Faster 'convert_fasta' and 'as_bam' #11

Closed superbobry closed 6 years ago

superbobry commented 10 years ago

These two seem to be the bottlenecks during alignment. Have you considered using Cython or C/C++ to speed things up?

brentp commented 10 years ago

convert_fasta happens only once at index creation. For as_bam, I think you'd want to benchmark and see where in handle_reads() is the bottleneck. It's either in that function and/or the methods on class Bam

superbobry commented 10 years ago

Right, I meant convert_reads. I'll do the benchmarks and update the issue.

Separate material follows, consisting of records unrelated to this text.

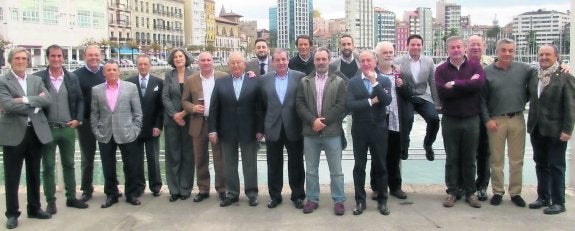 Por la izquierda, Pedro Díaz (El Gallego) y Javier Arenas -séptimo- con los asistentes a la cata de vinos Enate y  Las Moradas de San Martín, que tuvo lugar en el transcurso de una comida en el restaurante Auga.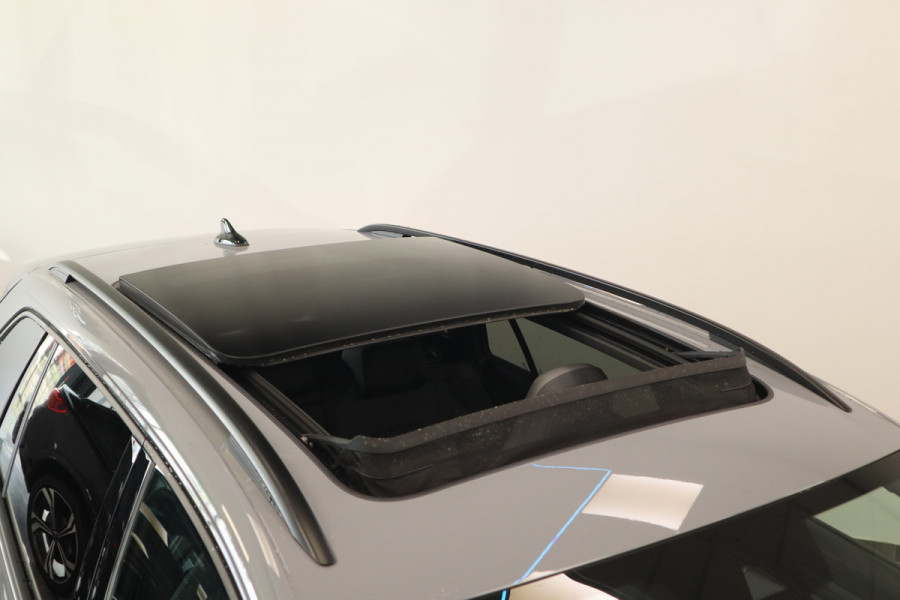 Volkswagen Golf 1.5 eTSI Style R-Line Panoramadak Trekhaak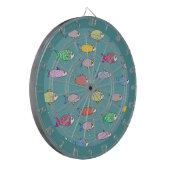 Kleurrijke vis op turquoise dartbord (Voorkant Links)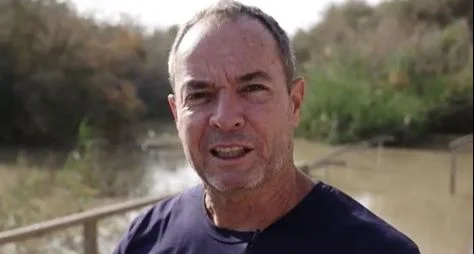 Clayton Conservani retorna à Globo com nova temporada de "Planeta Extremo"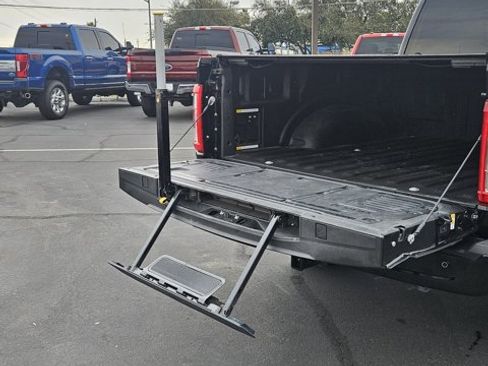 Certified 2022 Ford F150 Platinum w/ Equipment Group 701A High image 10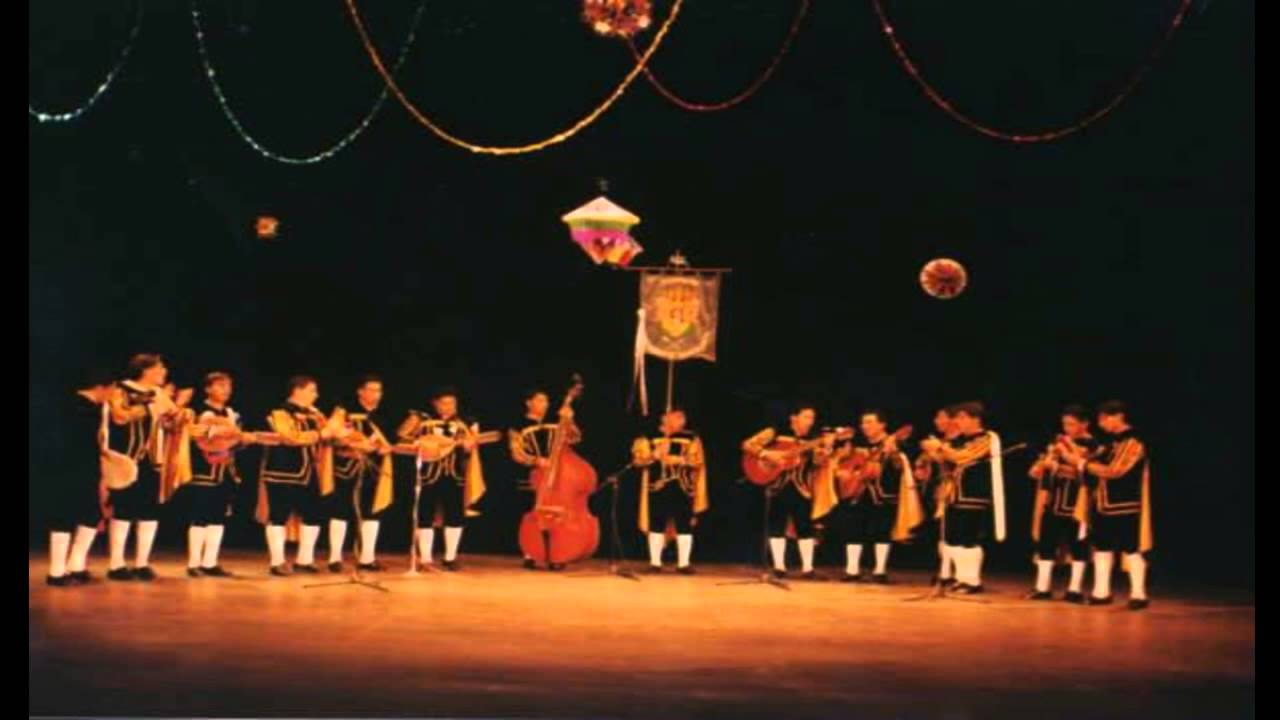 Popurri Navideño Estudiantina de la Universidad de Guanajuato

brentp commented 10 years ago

I'd prefer to make the cython dep optional as people seem to have enough trouble with vanilla python modules. There might be some low-hanging fruit that would improve the performance.

Have you noticed that bwa mem is generating alignments faster than the python in bwa-meth can consume them?

superbobry commented 9 years ago

I've recently used bwa-mem for aligning unpaired reads and noticed a slowdown on the Python a side. I'm thinking that treating paired and unpaired reads separately in convert_reads might help, because all of the operations below are useless for the unpaired case:

# vvv --- we can drop the loop as well.
for read_i, (name, seq, _, qual) in enumerate(pair):
    if name is None: continue
    name = name.rstrip("\r\n").split(" ")[0]  # except for this line.
    if name.endswith(("_R1", "_R2")):
         name = name[:-3]
    elif name.endswith(("/1", "/2")):
         name = name[:-2]

What do you think?

brentp commented 9 years ago

If you benchmark and see a significant improvement from that change, I'd accept. Maybe this:

for pair in izip(q1_iter, q2_iter)

could be

qiter = izip(q1_iter, q2_iter) if fq2 != "NA" else q1_iter

then loop over that and it could remove some of the internal checks.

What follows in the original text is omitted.